J’ai sacrifié une soirée spéciale de « Kaamelot » pour aller revoir le spectacle « Ville en Lumières » et affiner mon jugement. Tant pis pour « kaamelot », j’achèterai l’intégrale, peut-être, ou me le ferai-je offrir… Ne croyez pas que je m’éloigne tant que ça du sujet initial, « Ville en Lumières » ; la série « Kaamelot » surfe sur l’imaginaire arthurien qui puise une partie de ses sources dans Chrétien de Troyes, fil conducteur du spectacle itinérant troyen. Et de « kaamelot », à Troyes, nous n’en étions parfois pas très loin, l’humour et la dérision d’Alexandre Astier et Jean-Yves Robin en moins.
Ville en Lumières, édition 2010, est incontestablement un succès, un succès populaire, au moins pour sa fréquentation. Le public a répondu présent, il est venu nombreux, il a vu, il a rit, il est resté jusqu’au bout… et il a chaleureusement applaudi. Sur ce point, nous sommes loin de l’édition de 2009, ce que faisaient part bien des remarques que l’on pouvait entendre de ci et de là au gré des déambulations.
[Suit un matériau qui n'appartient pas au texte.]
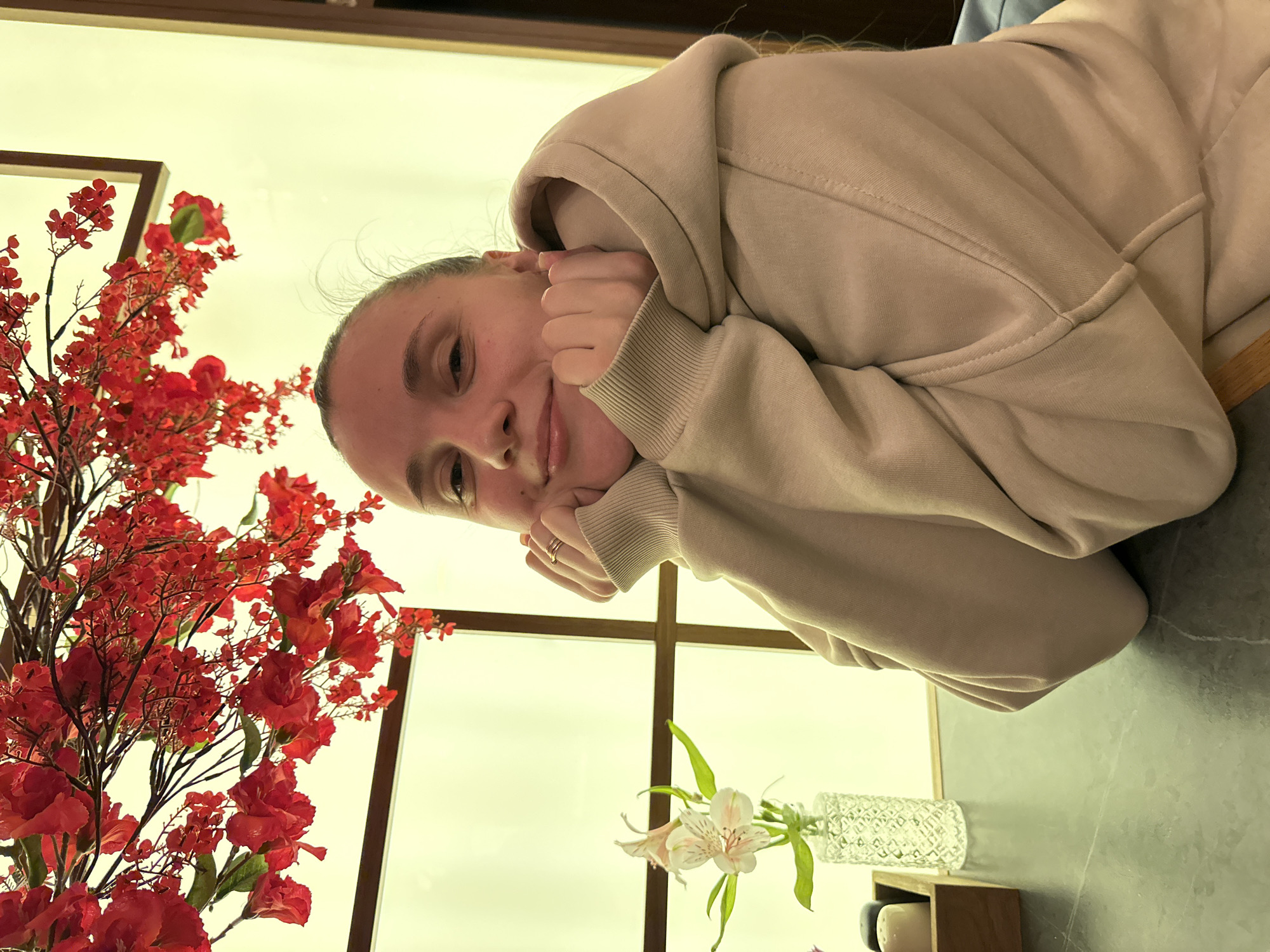 A woman with fair skin and her hair pulled back is reclining, her face resting on her hands, in a room with a cream-colored wall. She is wearing a tan-colored hoodie. Next to her is a large vase of red flowers on the left and a small vase with white flowers to the lower right. The scene is indoors. The location is Rostov-on-Don, Russia.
Le tout commence dans la grande cour centrale de l’ancien lycée rebaptisé « Espace Argence », transformé en champ de foire, de ces fameuses foires médiévales de Champagne. « Les Foires chaudes », nous rappelait l’actrice « Postérité ». L’itinérance se fait en quatre étapes successives : le parvis de la médiathèque (esplanade Rachi), la Fontaine Argence (place Jean Moulin), le parvis de Saint-Rémy (place Saint-Rémy), le Parvis de Saint-Urbain (place Vernier). On voulait le spectacle populaire et attractif. Il lui fallait donc trouver des lieux capables d’attirer la foule, de la conduire et la canaliser sans trop de difficulté, ce qui semble expliquer cette itinérance quelque peu « décalée » et « excentrée ». Car pourquoi ne pas commencer le spectacle dans le lieu même où se tenaient ces très fameuses foires : le quartier Saint-Jean ? Et faire redécouvrir sous les projecteurs du spectacle ce quartier que tout le monde connaît ? Le parvis Saint-Jean aurait-il été trop étroit pour accueillir animations, scènes mobiles et public ? Mais alors, la place Audiffred n’aurait-elle pas fait un beau site ? Mais il est vrai que son réaménagement en parking à voitures rend difficile l’appropriation de la place par le spectacle… Et puis l’itinéraire choisi permettait de passer par l’esplanade Rachi (étonnant que le texte n’y fasse pas allusion, à moins que je ne l’ai pas entendue…) et de s’arrêter devant la façade de la médiathèque, immense temple de verre destiné à la conservation des manuscrits, dont la collection de Clairvaux nouvellement auréolée du label de l’Unesco (Y a-t-on fait au moins allusion dans le texte ? Je ne l’ai pas entendu)… Enfin, la fontaine Argence permettait d’évoquer le roman Yvain et le Lion.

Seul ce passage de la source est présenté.